(Image-caption web data)
···
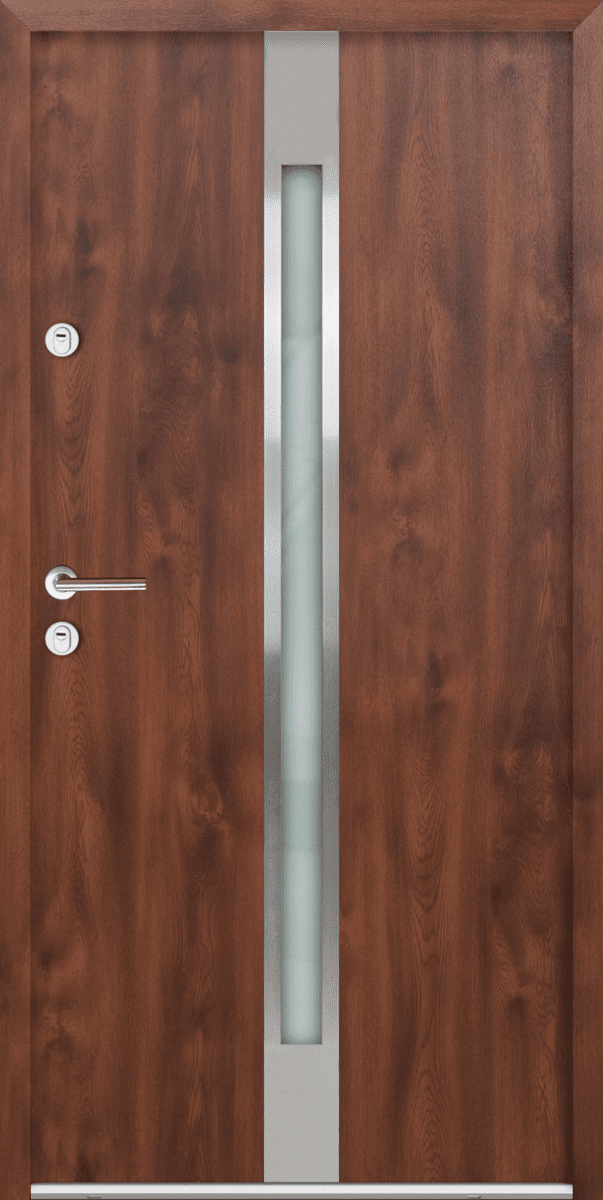 Fenstermaxx24 – atu56 NU 05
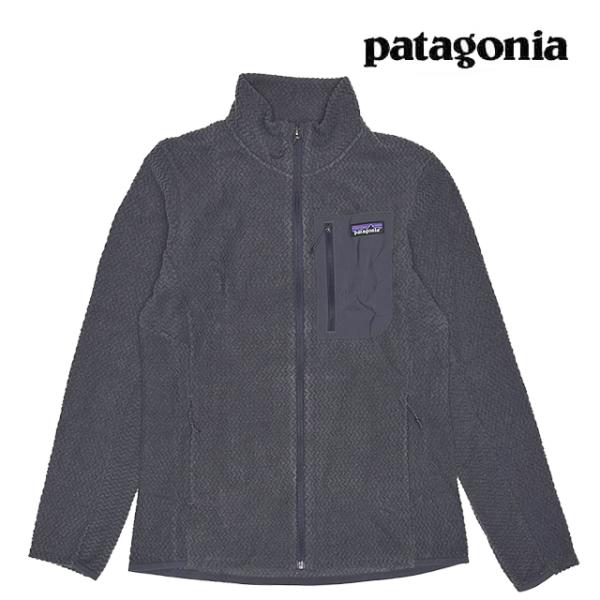 PATAGONIA パタゴニア レディース R1 エア ジャケット WOMEN'S R1 AIR J...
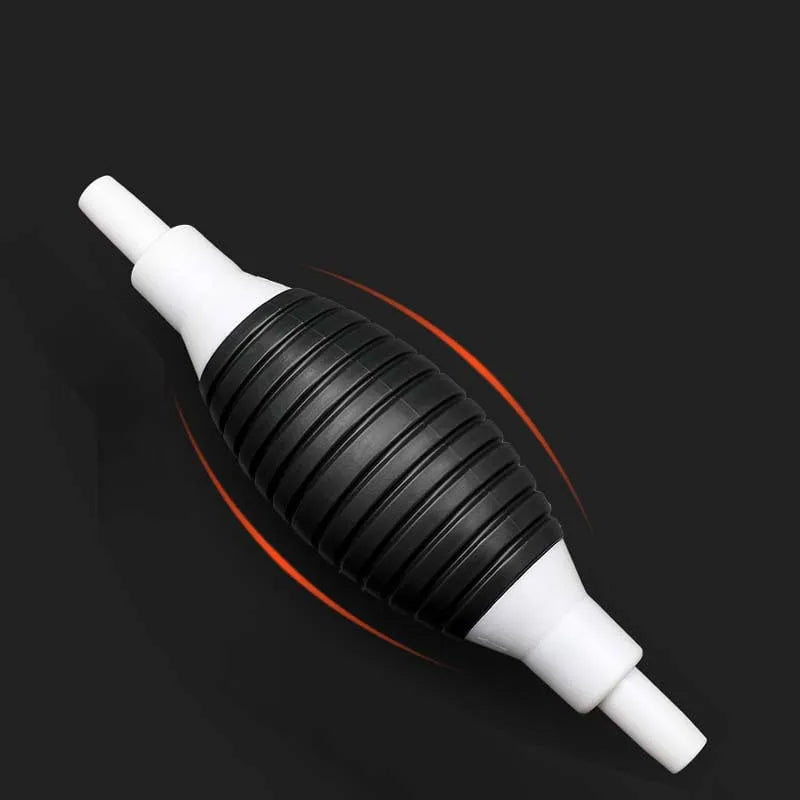 🎁⏳Multifunction Liquid Sucker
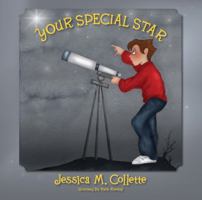 Your Special Star 1478700785 Book Cover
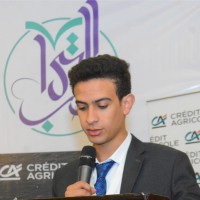 Mohamed Dabees's photo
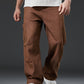 Urban Utility Pants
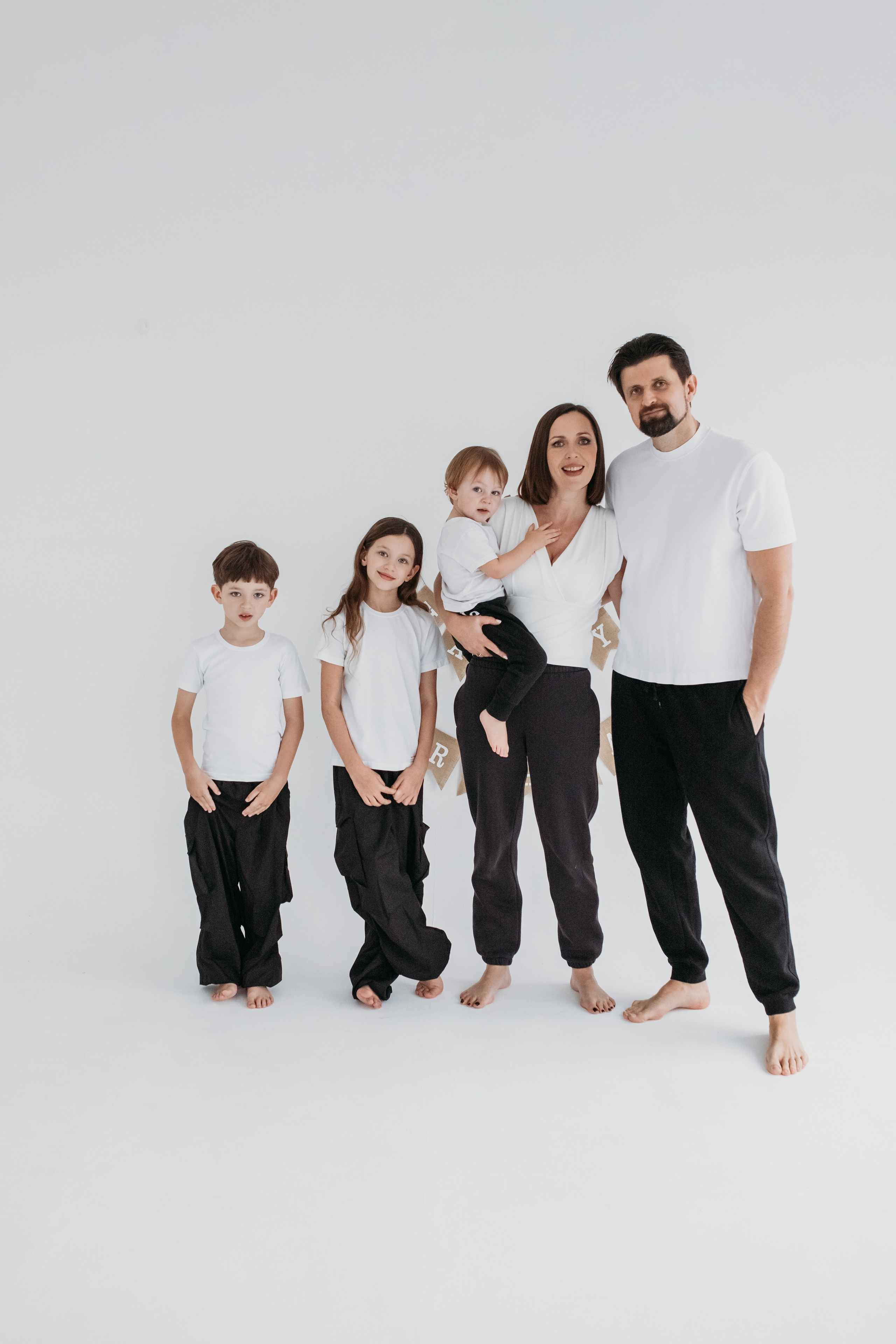 About you. Семейный и детский фотограф Минск, Беларусь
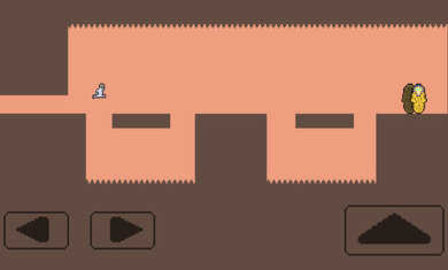 再次死亡 再次死亡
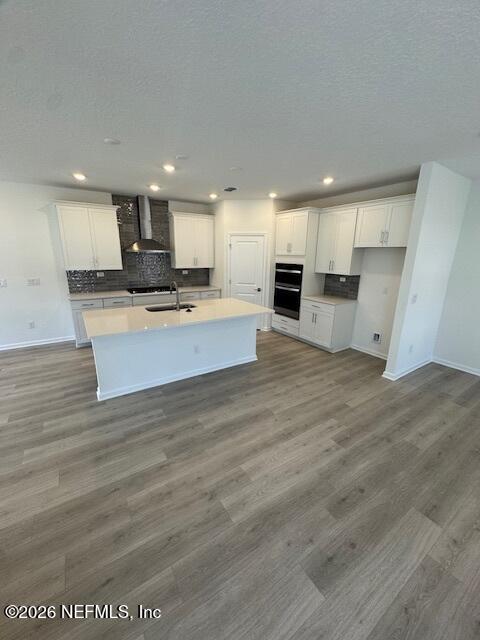 1072 Brook Forest Drive, St. Augustine, FL 32092 — photo 3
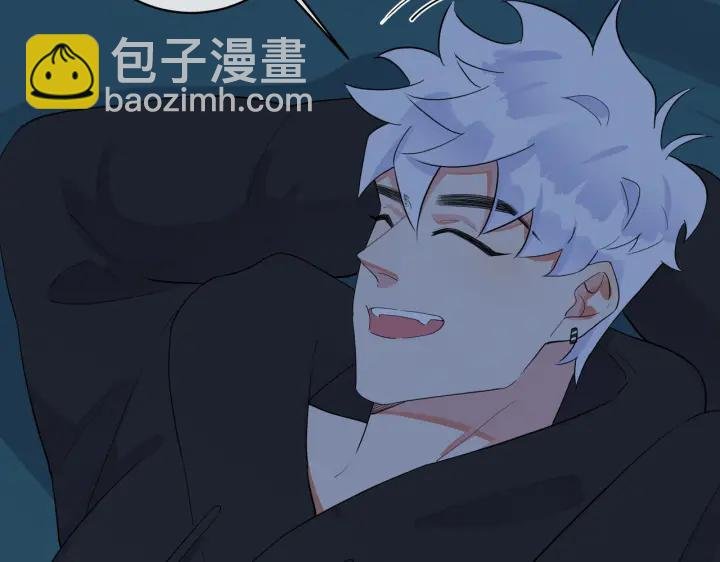 第56话 别遮，我想看……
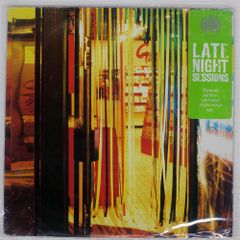 Item thumbnail for item 3eff779c-ae0b-4f9b-9afa-253ffc727a16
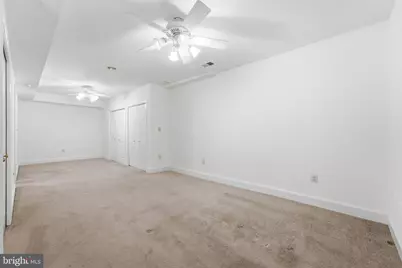 1172 Robindale Drive, Great Falls, VA 22066 - Photo 43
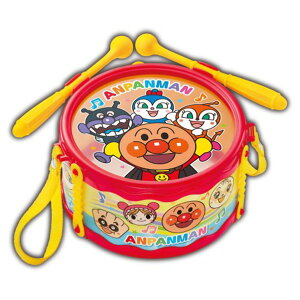 AKc} Ap} ̎qV h Ap}E`mReTChN [Ap}E`mReTChN]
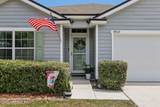 95117 Timberlake Drive - Photo 1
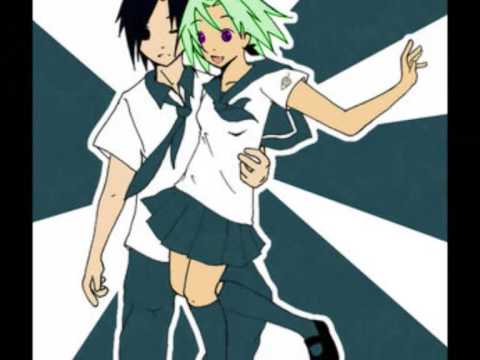 Sasuke,what has Yomi done?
···
Set down exactly, and only, the lines from the one holding "1172 Robindale Drive, Great" to the end of the records above, leaving every picture out.

 1172 Robindale Drive, Great Falls, VA 22066 - Photo 43
 AKc} Ap} ̎qV h Ap}E`mReTChN [Ap}E`mReTChN]
 95117 Timberlake Drive - Photo 1
 Sasuke,what has Yomi done?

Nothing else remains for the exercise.